Lalu bagaimana cara orang tua melindungi anaknya dari fenomena penipu? Menurut Leonard, strategi yang paling penting adalah memvalidasi karakter anak-anak lebih dari sekedar prestasi mereka – dalam kehidupan sehari-hari.
“Pujilah ketika anak Anda melakukan sesuatu tanpa pamrih,” tulis psikoterapis tersebut. “Tekankan ketika anak Anda meluangkan waktu untuk menghibur anggota keluarga atau hewan peliharaannya. Hargai anak Anda karena mengambil tanggung jawab atas suatu kesalahan.” Dia juga menyarankan untuk memuji jalan yang diambil anak untuk mengalami kesuksesan tersebut, bukan kesuksesannya. Jawaban yang lebih baik daripada “Kamu mendapat nilai A, kerja bagus!” misalnya: “Sungguh menakjubkan betapa kerasnya Anda belajar untuk itu.”

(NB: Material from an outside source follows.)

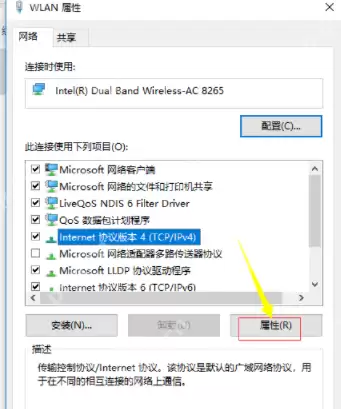 服务器繁忙怎么办？服务器繁忙解决方法分享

Orang tua dapat lebih memperkuat kesadaran diri anak dengan mengingatkan mereka akan hal-hal baik yang telah mereka lakukan di masa lalu – misalnya, ketika mereka membela temannya yang menjadi korban perundungan.
Baca juga: 5 aturan emas yang harus dipatuhi orang tua untuk membesarkan anak bermental kuat
Sebaliknya, memarahi anak karena perasaannya berdampak buruk bagi persepsi dirinya. Anda harus mengakui perasaan itu dan memperbaiki perilakunya. Alih-alih menghakimi seorang anak karena frustrasinya, tanggapannya mungkin adalah, “Kamu frustrasi. Saya mengerti itu, tapi jangan meremas kertasnya.”
Faktor terakhir yang disebutkan oleh Leonard, dan mungkin faktor yang paling penting, seharusnya sudah familiar bagi setiap orang tua: ingatkan anak Anda bahwa Anda mencintai mereka apa adanya—bukan karena apa yang mereka capai.